#### Your instructions:
Retype exactly the span of lines below from the one with "Erkek Siyah Bağcıklı" through the one with "Toontoy Kids Toontoy". Do not include pictures.

#### Supplied entries:
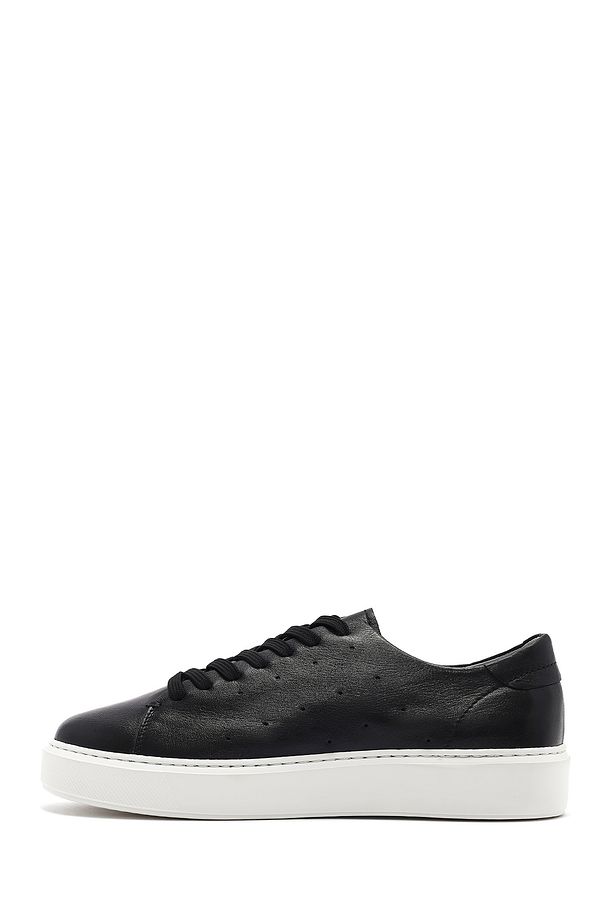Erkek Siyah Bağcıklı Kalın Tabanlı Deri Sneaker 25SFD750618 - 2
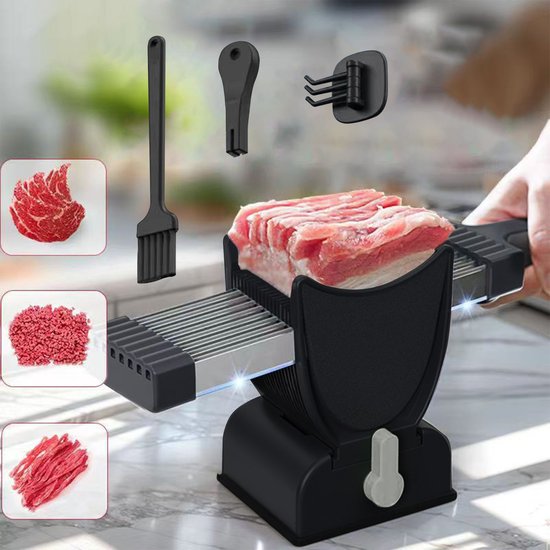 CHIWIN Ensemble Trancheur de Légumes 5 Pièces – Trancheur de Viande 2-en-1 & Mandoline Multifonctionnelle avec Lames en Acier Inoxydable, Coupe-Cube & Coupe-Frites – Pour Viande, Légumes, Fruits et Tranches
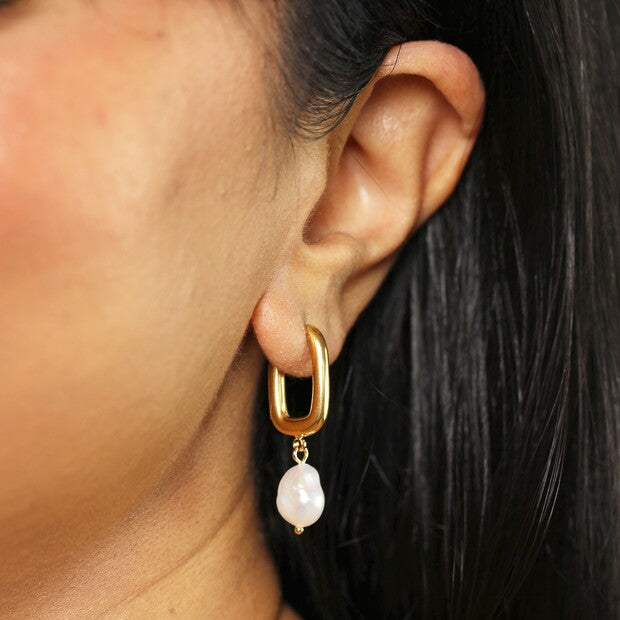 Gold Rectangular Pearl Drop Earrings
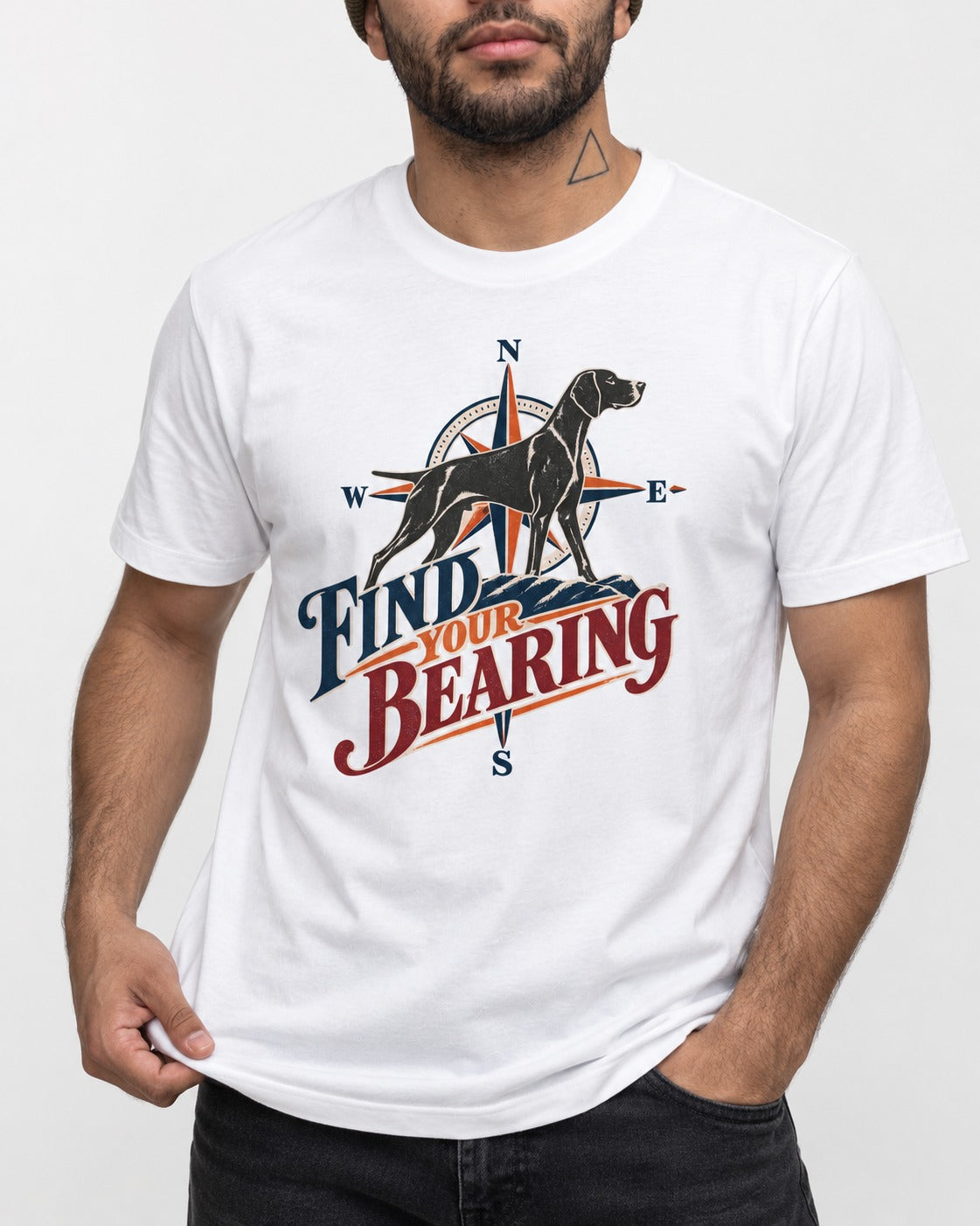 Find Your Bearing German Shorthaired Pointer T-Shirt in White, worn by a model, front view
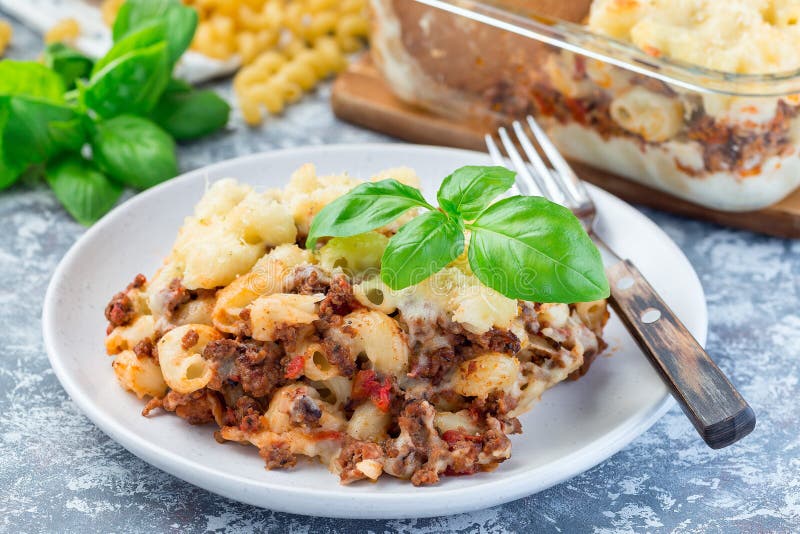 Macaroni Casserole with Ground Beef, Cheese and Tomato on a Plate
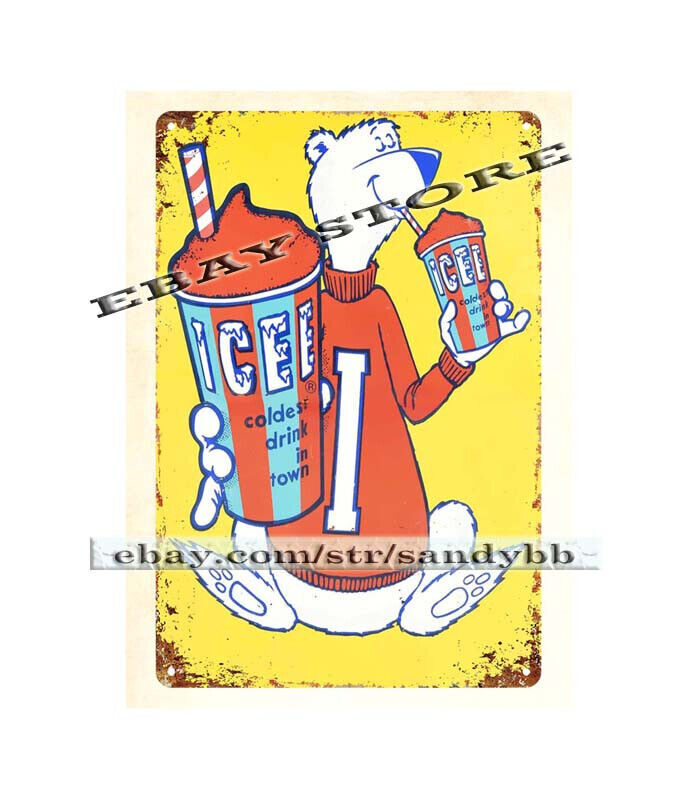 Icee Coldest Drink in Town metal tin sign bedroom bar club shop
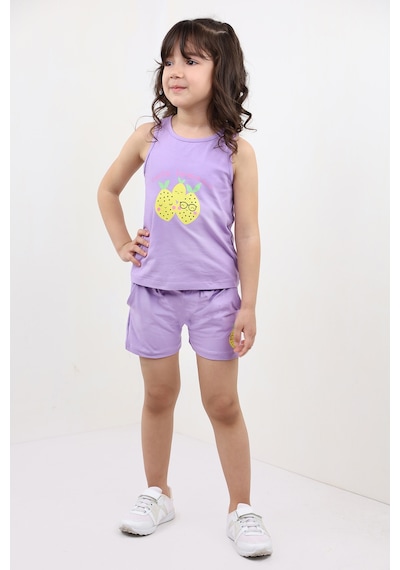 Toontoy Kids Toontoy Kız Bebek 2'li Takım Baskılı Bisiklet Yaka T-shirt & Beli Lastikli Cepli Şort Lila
...
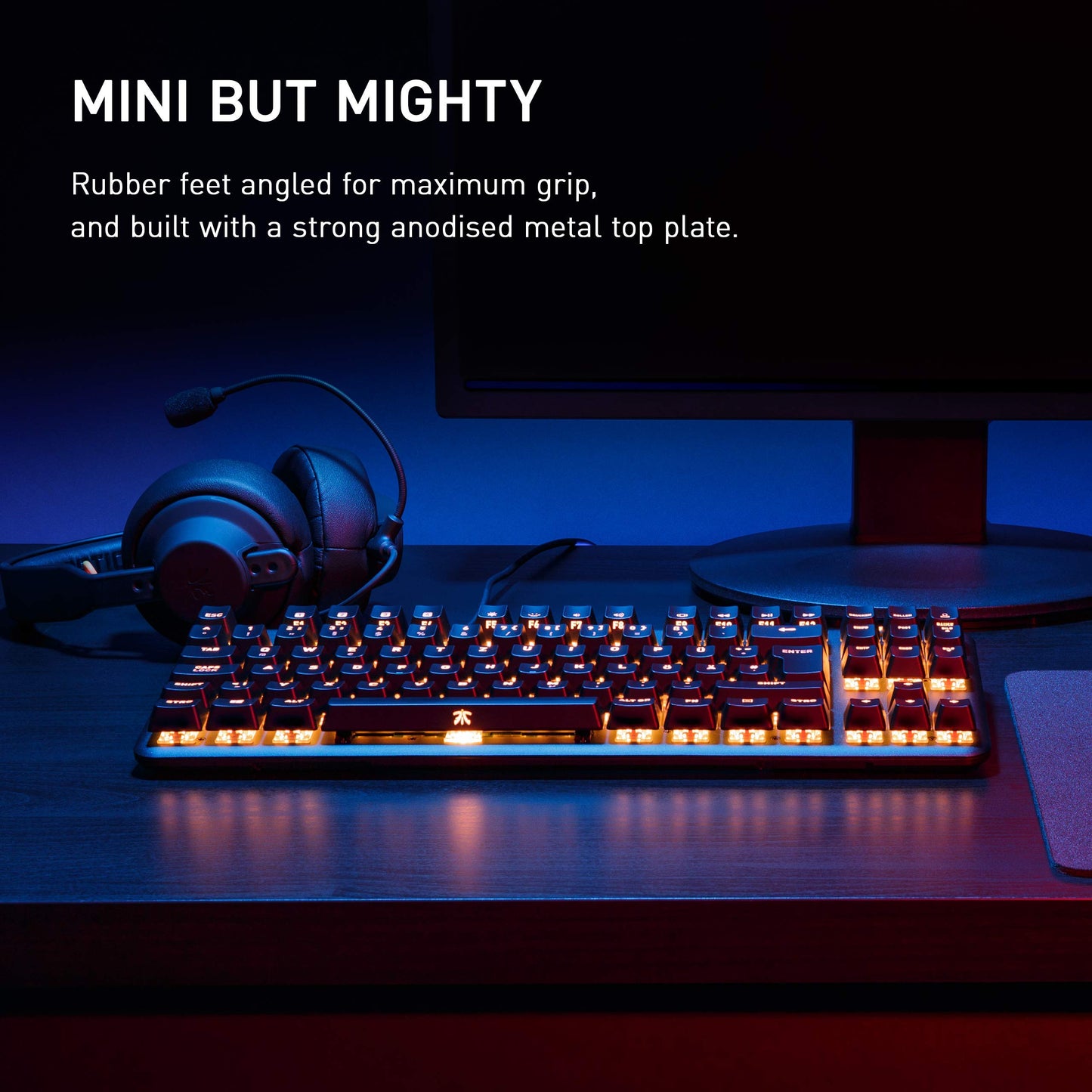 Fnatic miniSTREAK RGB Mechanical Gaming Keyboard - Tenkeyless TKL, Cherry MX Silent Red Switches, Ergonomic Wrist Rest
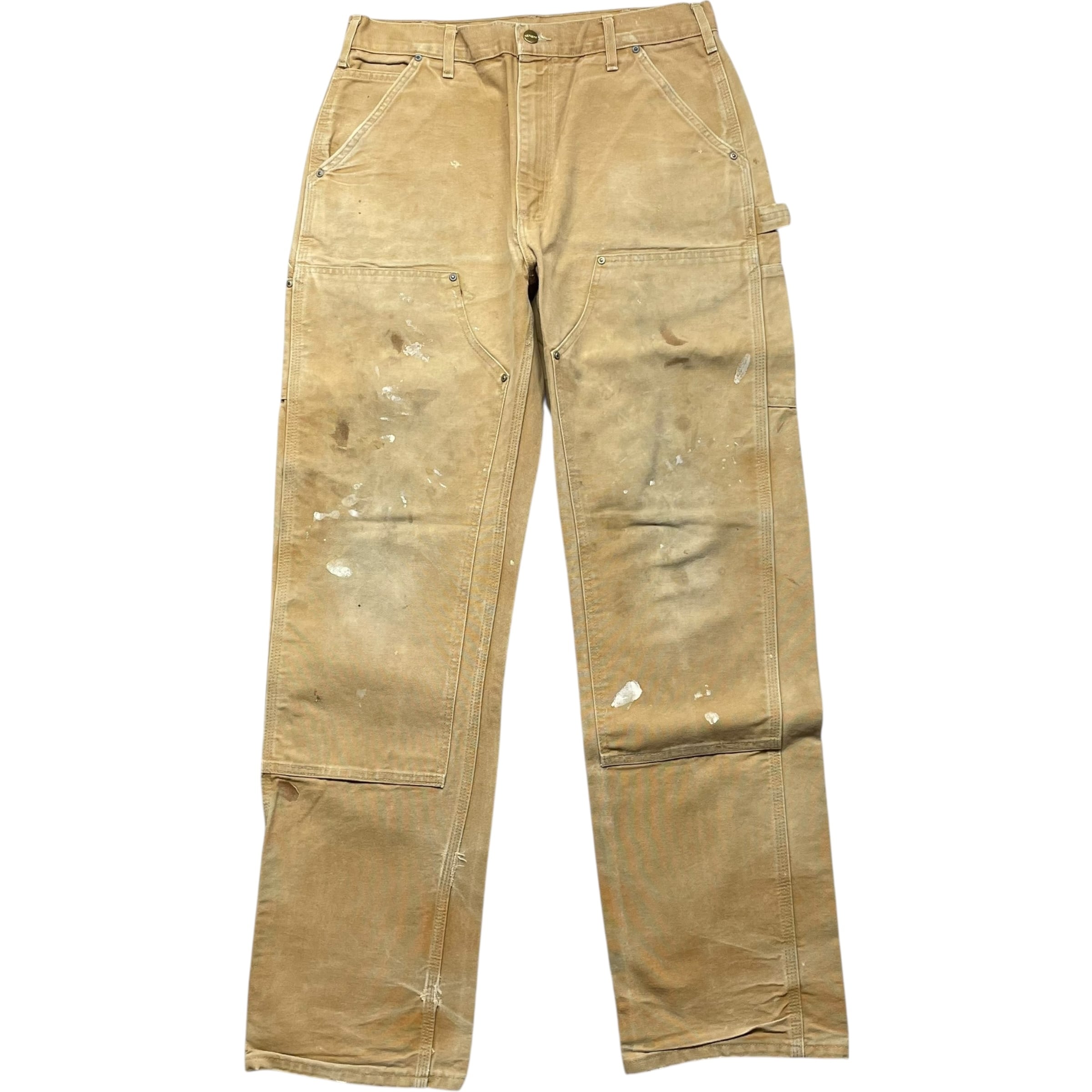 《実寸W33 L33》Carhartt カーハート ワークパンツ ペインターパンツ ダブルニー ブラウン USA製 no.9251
---
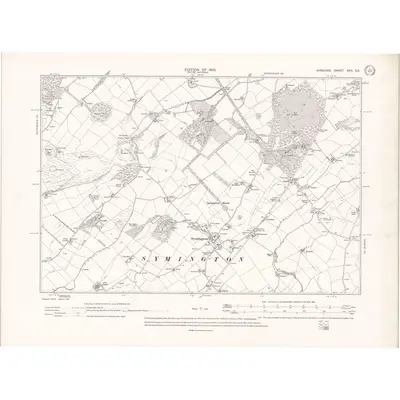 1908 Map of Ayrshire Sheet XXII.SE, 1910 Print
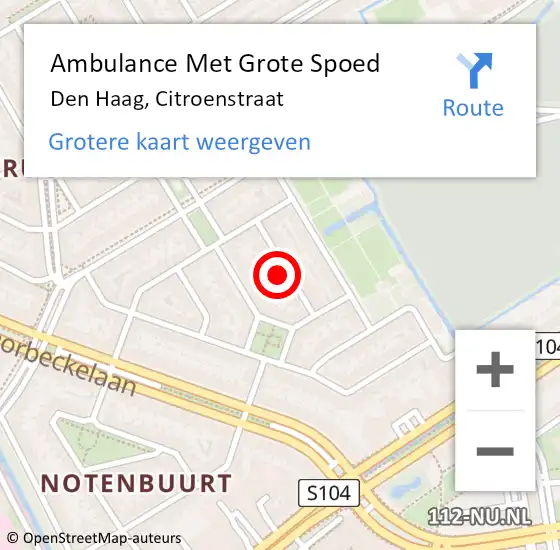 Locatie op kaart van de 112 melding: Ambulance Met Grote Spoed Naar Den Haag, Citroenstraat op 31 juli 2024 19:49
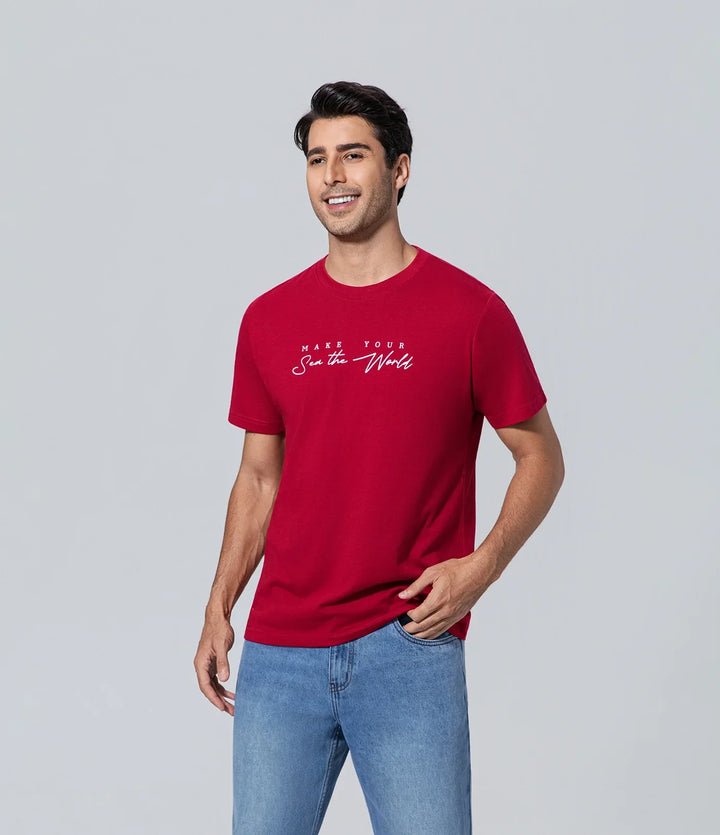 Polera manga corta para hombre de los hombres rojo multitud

#### Exercise output:
Erkek Siyah Bağcıklı Kalın Tabanlı Deri Sneaker 25SFD750618 - 2
 CHIWIN Ensemble Trancheur de Légumes 5 Pièces – Trancheur de Viande 2-en-1 & Mandoline Multifonctionnelle avec Lames en Acier Inoxydable, Coupe-Cube & Coupe-Frites – Pour Viande, Légumes, Fruits et Tranches
 Gold Rectangular Pearl Drop Earrings
 Find Your Bearing German Shorthaired Pointer T-Shirt in White, worn by a model, front view
 Macaroni Casserole with Ground Beef, Cheese and Tomato on a Plate
 Icee Coldest Drink in Town metal tin sign bedroom bar club shop
 Toontoy Kids Toontoy Kız Bebek 2'li Takım Baskılı Bisiklet Yaka T-shirt & Beli Lastikli Cepli Şort Lila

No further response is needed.